O Rio Acre, responsável pelo abastecimento de 100% de Brasiléia, atingiu a alarmante marca de 0,53 centímetros no final de agosto. A situação se agravou no início de setembro, quando novos recordes de baixa foram estabelecidos
Chuvas isoladas na região rural de Brasiléia e no departamento de Pando resultaram em uma leve cheia do Rio Acre, que atingiu uma leve alta chegando à 0,82 centímetros. Foto: Marcus José
Pouco mais de dois meses após o Rio Acre registrar a segunda menor cota histórica, a seca severa tem causado estragos nas cidades vizinhas na fronteira. Mais de 80 mil pessoas estão sofrendo com a falta de água, afetadas especialmente pelos afluentes da região, como o igarapé Encrenca, em Epitaciolândia, e o igarapé Bahia, que é vital para Cobija.
Este último abastece mais da metade da população de Pando, um município que depende desse curso d’água histórico, legado da Revolução Acreana. A crise hídrica não só compromete o abastecimento, mas também a agricultura e a saúde da comunidade, intensificando os desafios enfrentados pelos moradores da região.
O Rio Acre, responsável pelo abastecimento de 100% de Brasiléia, atingiu a alarmante marca de 0,53 centímetros no final de agosto. A situação se agravou no início de setembro, quando novos recordes de baixa foram estabelecidos, culminando em um nível de apenas 0,68 centímetros no último domingo, 15 de setembro.
Este dado marca a maior redução histórica para o mês que, tradicionalmente, já é afetado pela seca e pelas queimadas na região do Alto Acre. A escassez de água representa um desafio significativo para a população local, que depende desse manancial para suas atividades diárias.
Nesta quarta-feira, 18 de setembro, chuvas isoladas na região rural de Brasiléia e no departamento de Pando resultaram em uma leve cheia do Rio Acre, que atingiu uma leve alta chegando à 0,82 centímetros.
A crise hídrica não só compromete o abastecimento, mas também a agricultura e a saúde da comunidade, intensificando os desafios enfrentados pelos moradores da região.
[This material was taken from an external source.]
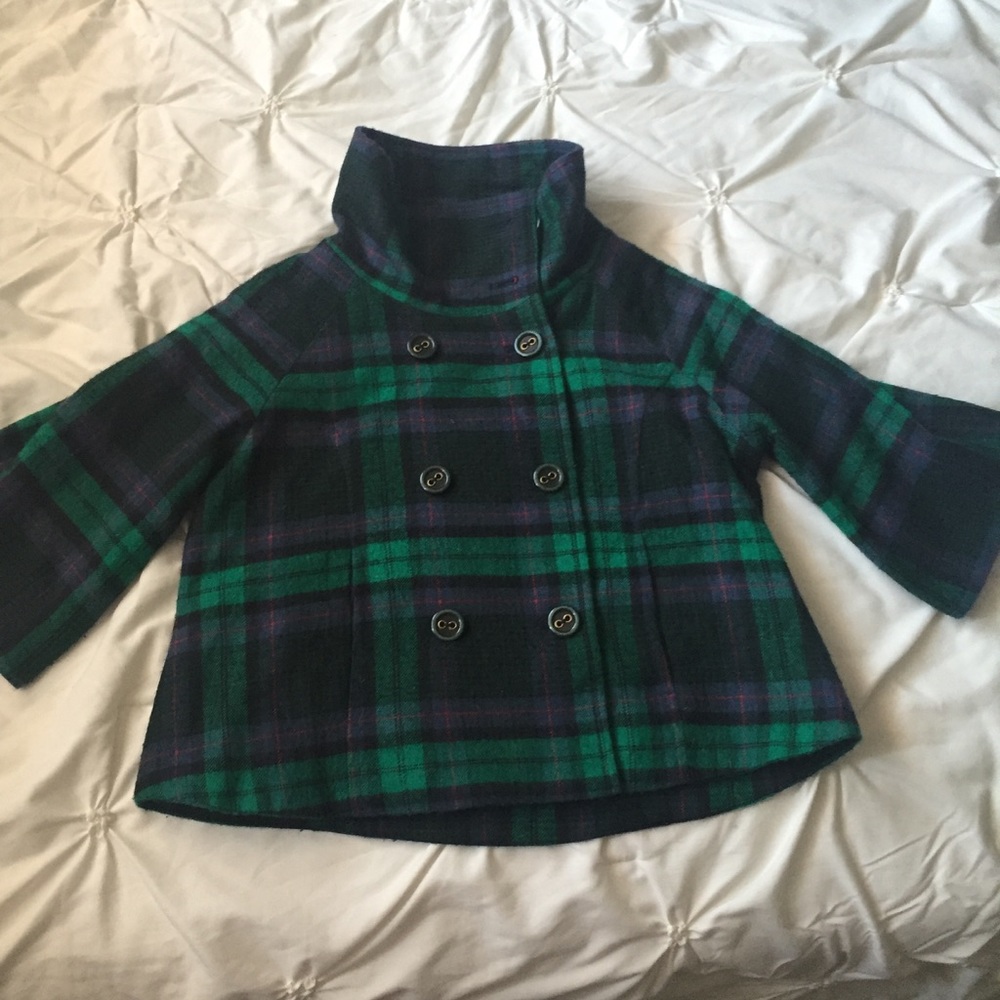 Aqua Navy/Green Plaid Wool Blend Crop Pea Coat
Foto: Marcus José
Às 17h, os níveis do rio em Brasiléia, Epitaciolândia e Cobija superaram os registros históricos negativos para este mês, oferecendo um respiro em meio a uma crise hídrica que já havia causado sérios impactos na região. Essa recuperação, embora sutil, traz esperança para os moradores do Alto Acre e da região de Perla Del Acre, em Pando, que dependem desse recurso vital para suas atividades diárias e a sobrevivência hídrica local.
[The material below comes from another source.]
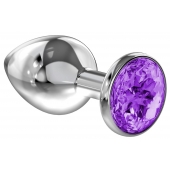 Большая серебристая анальная пробка Diamond Purple Sparkle Large с фиолетовым кристаллом - 8 см. - Lola Games - купить с доставкой в Нижнем Тагиле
O baixo nível do Rio Acre não apenas impacta o abastecimento, mas também compromete o transporte de mercadorias na região. A população local clama por uma limpeza do manancial, que acumula entulhos visíveis devido à seca severa. Embora o nível do rio tenha apresentado um aumento nesta quarta-feira, ele ainda é inferior ao registrado na mesma data do ano passado. Naquela ocasião, a Defesa Civil já monitorava a possibilidade de que o rio ficasse abaixo de 1 metro, mas a chegada do período de chuvas evitou essa situação.
Atualmente, com a seca começando antes do esperado, no final de maio, e ainda a meses do início do período chuvoso em outubro, as projeções indicam que é possível que os níveis históricos de 2022 sejam ultrapassados. O coronel Carlos Batista, coordenador da Defesa Civil do Acre, informou que já existe um plano de contingência caso o rio atinja níveis críticos na região. A situação é alarmante, afetando direta e indiretamente mais de 387 mil pessoas apenas na capital acreana. A mobilização da comunidade e das autoridades é essencial para enfrentar os desafios impostos pela seca.
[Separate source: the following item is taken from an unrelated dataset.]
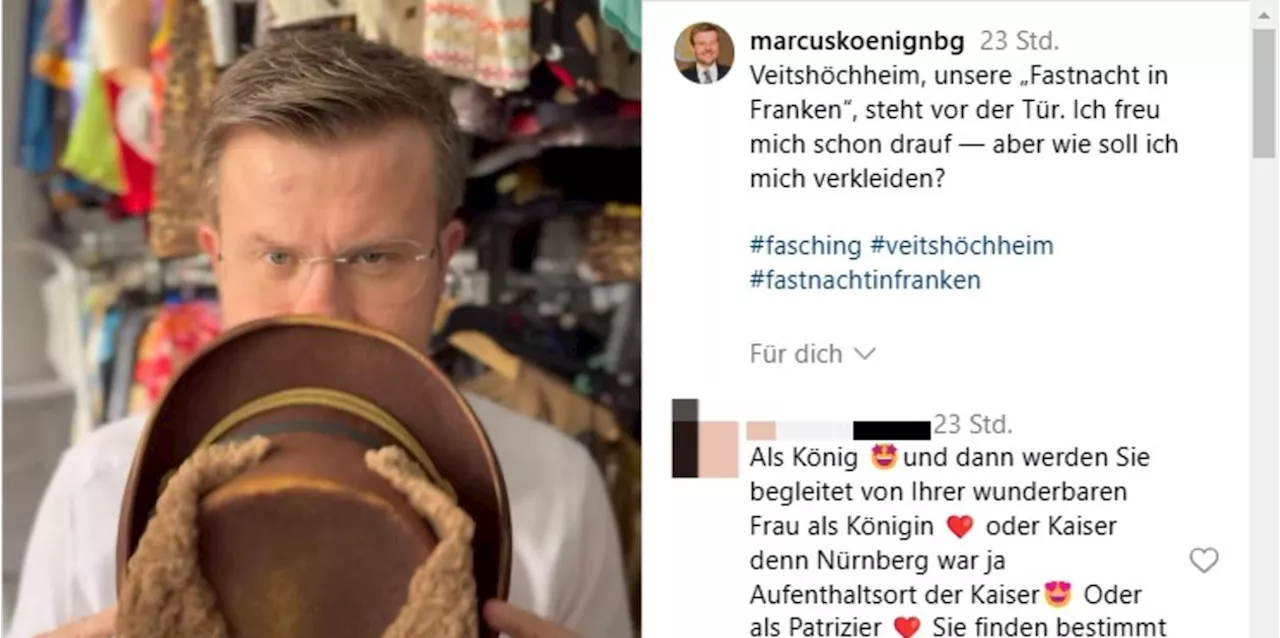 Nürnbergs OB Marcus König sucht nach dem perfekten Faschingskostüm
“Já há um plano de contingência para o caso do rio ficar abaixo da cota de seca severa em toda as regionais do acre”, explica o coordenador da Defesa Civil do Acre, coronel Carlos Batista.
A crise hídrica no Acre tem gerado impactos significativos em diversas áreas, incluindo a produção agrícola e pecuária, além de comprometer o abastecimento de água potável. O coronel Carlos Batista, coordenador da Defesa Civil do Acre, destaca que “há impacto na produção, na agricultura, na pecuária, no abastecimento de água potável, e os incêndios florestais emanam gases que afetam a saúde de todos nós”.
A reportagem do jornal oaltoacre.com obteve imagem da cabeceira do Rio Acre, em Assis Brasil, na fronteira entre Brasil, Bolívia e Peru. Embarcações encalhadas com os níveis do rio abaixo do esperado, situação jamais vista na região.
Em resposta à gravidade da situação, o governo do estado decretou, em 11 de junho, estado de emergência em razão da seca e emergência ambiental devido à redução das chuvas e aos riscos de incêndios florestais. A Bacia do Rio Acre encontra-se em alerta máximo, com a falta de chuvas agravando ainda mais os problemas enfrentados pela população. A mobilização das autoridades e a conscientização da comunidade são essenciais para mitigar os efeitos devastadores da seca na região.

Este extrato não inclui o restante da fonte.